Lore passed away 7 years ago today a few minutes after we had talked on the phone. I was waiting for her to call me back. She hung up to talk with my mother who just came in. It was unexpected though she had suffered physically for many years and suffered financially without health insurance. I often spoke with her about the woman in Mark 5 who was in a similar position. I sent her the 9th chaper in the Pursuit of God by Tozier when she was around 35. It's titled Meekness and Rest and is one of the most powerful chapters written in any book outside of scripture to me. To see her embrace her faith and her own beauty at even deeper levels after reading that was stunning.

Lore's faith was as real as anyone that I had known. The two ministers who spoke at her funeral each prayed for the faith she displayed in her life and suffering. The intimacy I shared with her was unparalled in unconditional love and tenderness. Nothing had to be hidden. Laughter was a part of joy and sorrow that kept a vital balance internally and eternally for her and me even if temporarily lost by feelings or circumstances.

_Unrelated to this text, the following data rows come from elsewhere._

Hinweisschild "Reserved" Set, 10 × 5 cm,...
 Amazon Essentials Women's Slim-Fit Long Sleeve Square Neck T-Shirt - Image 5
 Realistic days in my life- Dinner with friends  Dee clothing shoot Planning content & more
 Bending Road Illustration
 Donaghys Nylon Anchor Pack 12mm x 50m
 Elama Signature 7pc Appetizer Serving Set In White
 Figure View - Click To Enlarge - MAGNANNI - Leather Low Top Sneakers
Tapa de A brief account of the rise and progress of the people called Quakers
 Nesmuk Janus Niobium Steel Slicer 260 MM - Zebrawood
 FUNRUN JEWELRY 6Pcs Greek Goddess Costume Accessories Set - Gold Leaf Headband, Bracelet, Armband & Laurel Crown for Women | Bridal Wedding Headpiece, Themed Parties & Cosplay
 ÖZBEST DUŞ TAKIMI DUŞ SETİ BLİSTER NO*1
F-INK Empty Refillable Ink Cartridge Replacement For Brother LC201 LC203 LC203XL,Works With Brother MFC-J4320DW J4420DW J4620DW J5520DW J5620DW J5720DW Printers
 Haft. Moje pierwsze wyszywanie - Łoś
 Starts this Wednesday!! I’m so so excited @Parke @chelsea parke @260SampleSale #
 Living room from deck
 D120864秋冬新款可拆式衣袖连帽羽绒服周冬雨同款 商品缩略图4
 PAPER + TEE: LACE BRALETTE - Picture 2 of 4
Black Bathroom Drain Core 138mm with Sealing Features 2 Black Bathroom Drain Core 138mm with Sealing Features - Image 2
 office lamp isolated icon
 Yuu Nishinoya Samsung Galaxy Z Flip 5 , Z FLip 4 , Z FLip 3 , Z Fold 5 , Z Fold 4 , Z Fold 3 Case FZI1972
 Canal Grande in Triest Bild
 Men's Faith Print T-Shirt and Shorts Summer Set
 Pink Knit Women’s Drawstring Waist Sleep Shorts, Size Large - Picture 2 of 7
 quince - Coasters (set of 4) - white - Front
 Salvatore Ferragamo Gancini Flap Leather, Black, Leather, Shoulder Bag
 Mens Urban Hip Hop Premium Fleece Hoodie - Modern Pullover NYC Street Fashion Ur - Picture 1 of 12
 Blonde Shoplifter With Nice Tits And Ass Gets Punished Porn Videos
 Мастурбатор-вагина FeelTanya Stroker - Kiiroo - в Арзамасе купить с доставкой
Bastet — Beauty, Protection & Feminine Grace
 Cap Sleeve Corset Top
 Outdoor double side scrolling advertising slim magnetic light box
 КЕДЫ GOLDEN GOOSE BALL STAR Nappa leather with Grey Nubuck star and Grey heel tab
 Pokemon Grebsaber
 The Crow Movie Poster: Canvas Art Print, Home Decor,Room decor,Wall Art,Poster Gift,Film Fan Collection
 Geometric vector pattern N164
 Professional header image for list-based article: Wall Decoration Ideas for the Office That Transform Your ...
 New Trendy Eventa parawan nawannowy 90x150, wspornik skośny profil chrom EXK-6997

Even to this day I continually think of her when I try to imagine what it's like to be away from the body and with our Lord spoken of by Paul in 2 Corinthians 5. Knowing whom she is with is how that imagination transcends doubt into hopeful anticipation. Through Lore to Christ is how my mind is often comforted or stabilized on any given day.

She was 43 with the heart and imagination of a child we're called through to Christ. The fountain of her youth never stop flowing by tears and laughter, repentence and forgiveness.

Memories of her put her as the woman in the mirror when I am unable to find the man in the mirror who has the son in him.